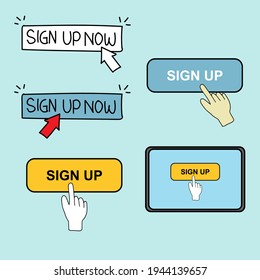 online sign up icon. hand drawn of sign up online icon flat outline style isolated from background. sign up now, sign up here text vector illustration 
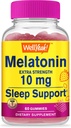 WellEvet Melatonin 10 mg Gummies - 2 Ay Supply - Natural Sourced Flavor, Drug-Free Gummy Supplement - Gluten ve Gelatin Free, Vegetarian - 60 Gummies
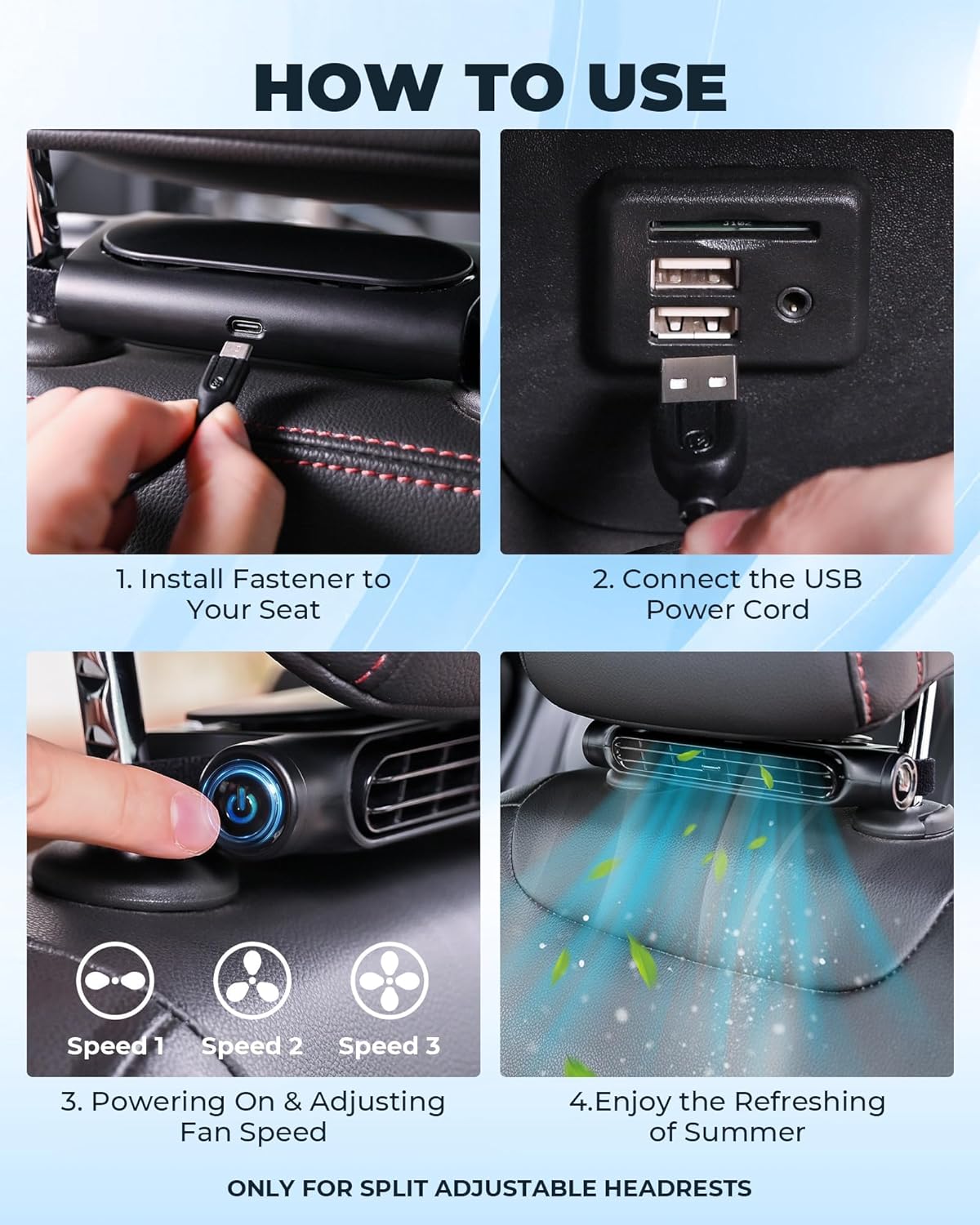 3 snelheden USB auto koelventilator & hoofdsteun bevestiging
**********
» Work to be completed:
Please give the data again in full, exactly as written, but without any images.

» Output of the exercise:
 online sign up icon. hand drawn of sign up online icon flat outline style isolated from background. sign up now, sign up here text vector illustration 
 WellEvet Melatonin 10 mg Gummies - 2 Ay Supply - Natural Sourced Flavor, Drug-Free Gummy Supplement - Gluten ve Gelatin Free, Vegetarian - 60 Gummies
 3 snelheden USB auto koelventilator & hoofdsteun bevestiging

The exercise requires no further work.